Every line of the material must be restated exactly, though not its pictures.

STORED DATA:
* * * *
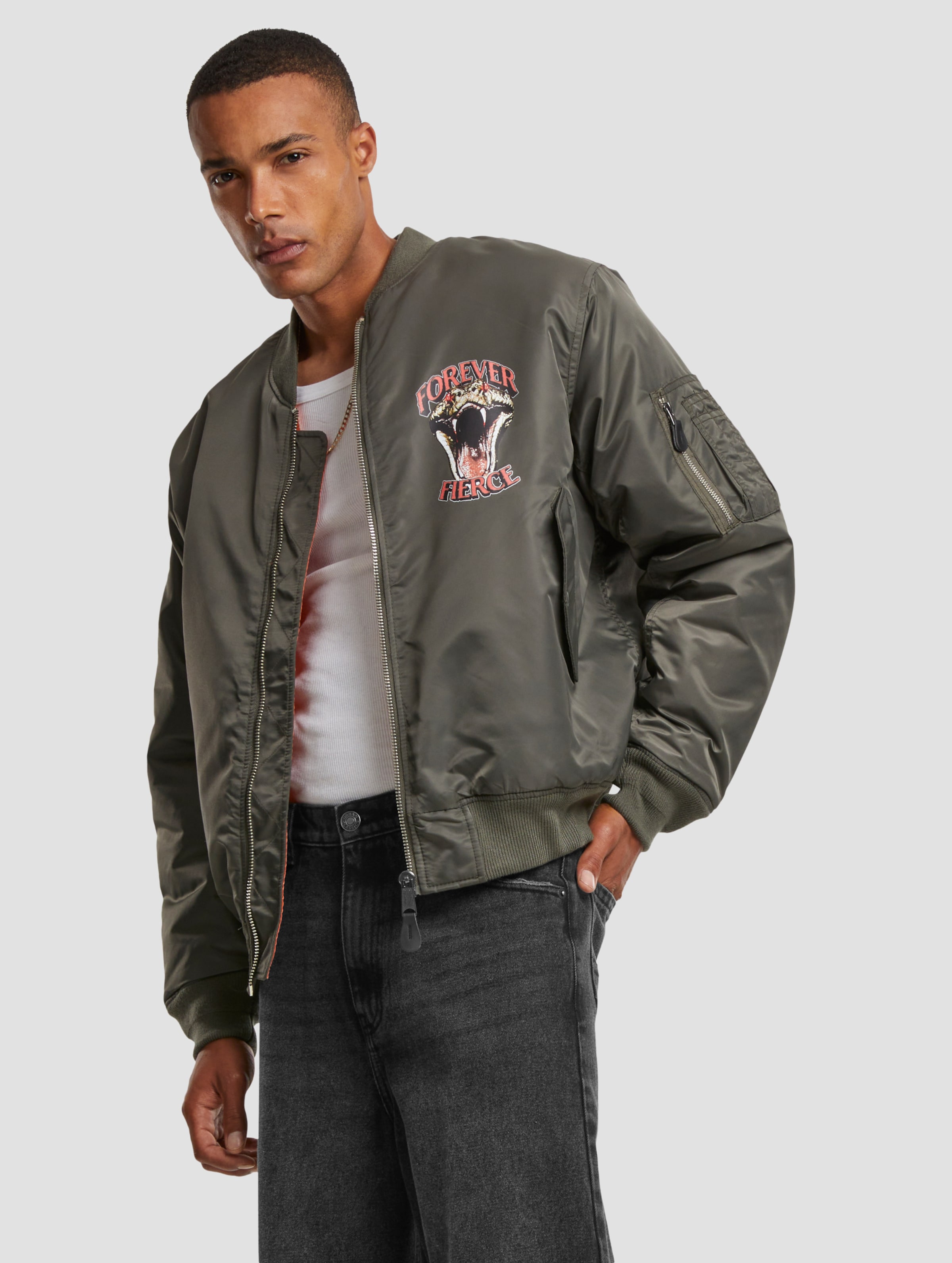 Mister Tee Forever Fierce MA1 Bomberjacke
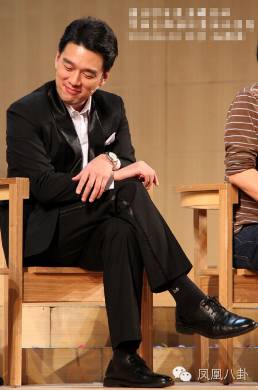 花10万订做西装，收入一半买雪茄！有一种霸道总裁叫做王耀庆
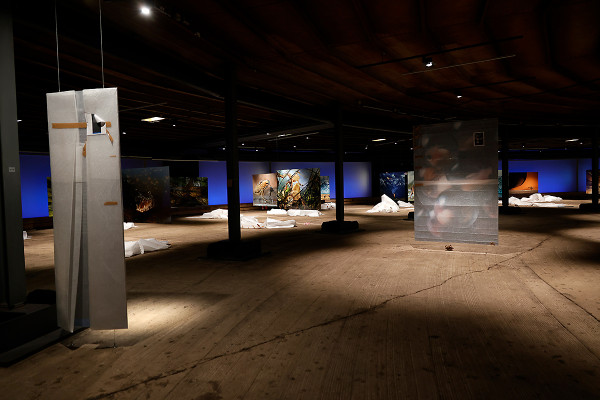 Viele Exponate in der unteren Ausstellungsebene befinden sich noch in Ihren Schutzfolien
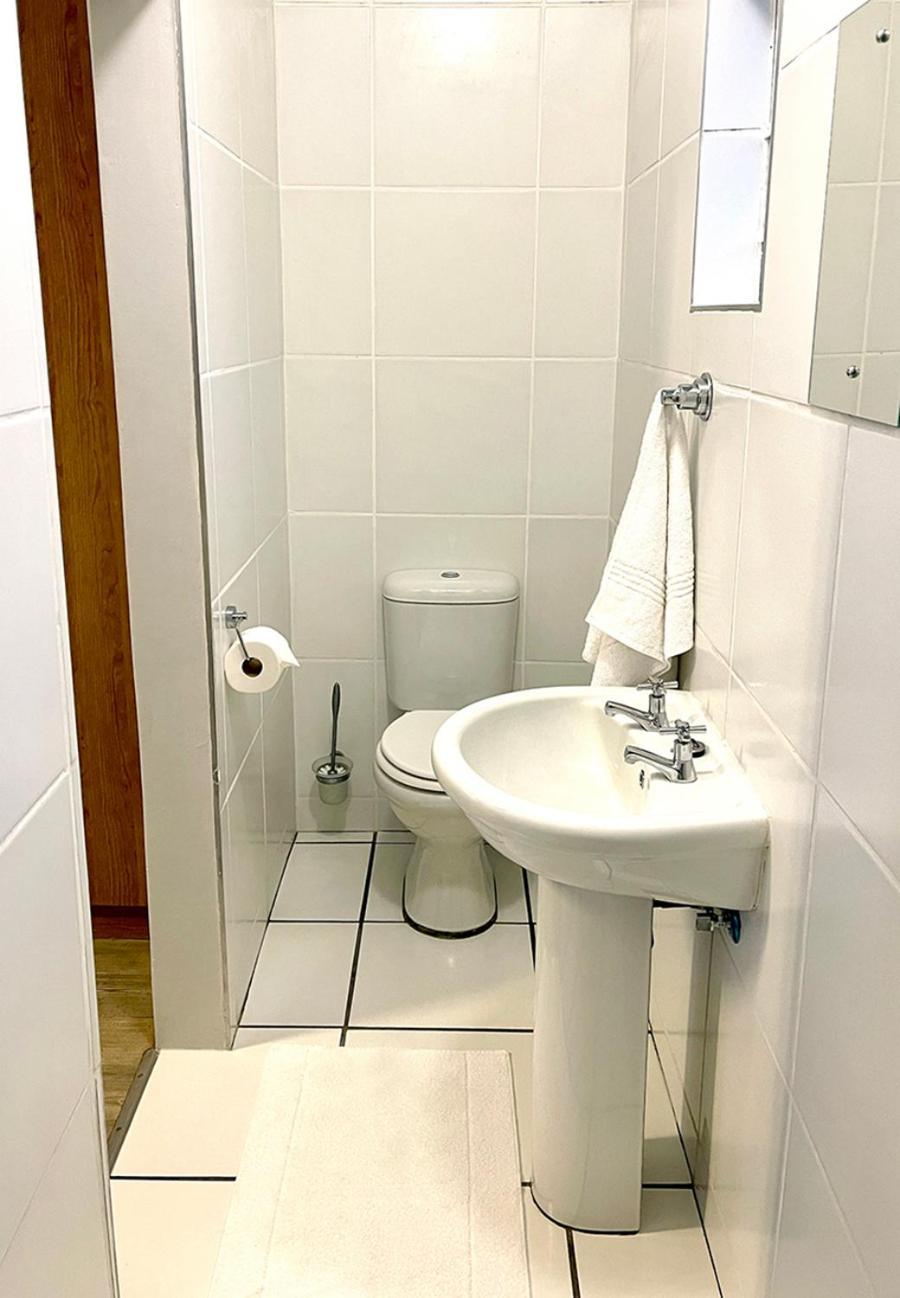 Village Lodge Harrismith Buitenkant foto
* * * *
SOLUTION TO THIS TASK:
 Mister Tee Forever Fierce MA1 Bomberjacke
 花10万订做西装，收入一半买雪茄！有一种霸道总裁叫做王耀庆
 Viele Exponate in der unteren Ausstellungsebene befinden sich noch in Ihren Schutzfolien
 Village Lodge Harrismith Buitenkant foto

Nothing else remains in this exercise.